After the official ceremony, most families continue the celebration at home. Many families make this a major event, similar to a significant birthday. Some even book a cafe or restaurant for the afternoon. We’ll be going a bit more low key celebrating at our place. If we’re lucky and this Indian summer holds (touch wood) we may even be able to have afternoon tea in our back yard. The shops are full of any kind of party decor you could possibly need, all tailored towards the Einschulung. Tablecloths, napkins, bunting, balloons…choices range from ‘ABC’ motifs (I picked up a couple of ABC napkins) to things emblazoned with ‘Schulkind’. There are Einschulung’s cakes, sweets, chocolate, and today I noticed that even the bread counter at our local supermarket was selling Bretzel in A, B and C letter shapes! Similarly, the shops are full of Einschulung’s gifts, but more about that later this week. I’ve also put together a Pinterest board with party decorations and other ideas for celebrating the first day of school >> Einschulung: Celebrating the Start of School
It’s not unusual for extended family to attend the Einschulung’s ceremony and subsequent celebrations. Many grandparents, and often other family members, travel from quite far away to be there. My parents will be driving several hundred miles, from the other side of Germany, to join us for the big day. I’ve heard from other first year parents – whom I have met at the summer camp – that they are bringing a whole entourage along.
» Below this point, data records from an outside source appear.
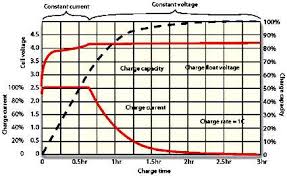 30% in advance as po ensured, 70% balance before deliverying. The Care And Feeding Of Your Embedded Design S Li Ion Battery Subsystem Embedded Com
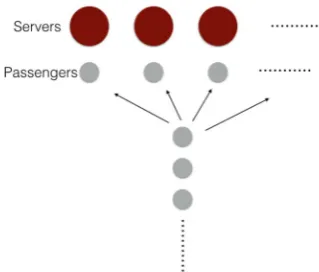 Figure 2 shows a typical passenger divides his personal belongings into 3  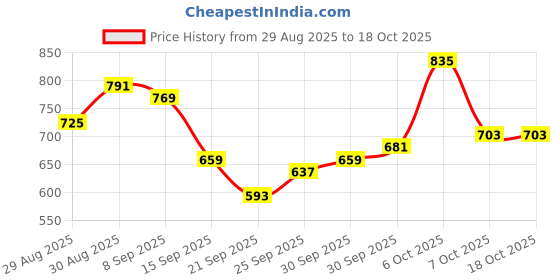 myntra.com glitchez Heart-Shaped Design Pullover glitchez Price History Graph from 29 Aug 2025 to 18 Oct 2025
It certainly all seems very different to Scotland, where the day mostly gets marked with a ‘first day of school in your new uniform’ photo, and then off you go. At least I don’t remember such extravagance when I started school in Edinburgh – though, living there with my German family, I did get a rather large ‘Schultüte’. Oh, the best of both worlds!
Do you have kids starting school for the first time this summer? How did you celebrate or will you be celebrating?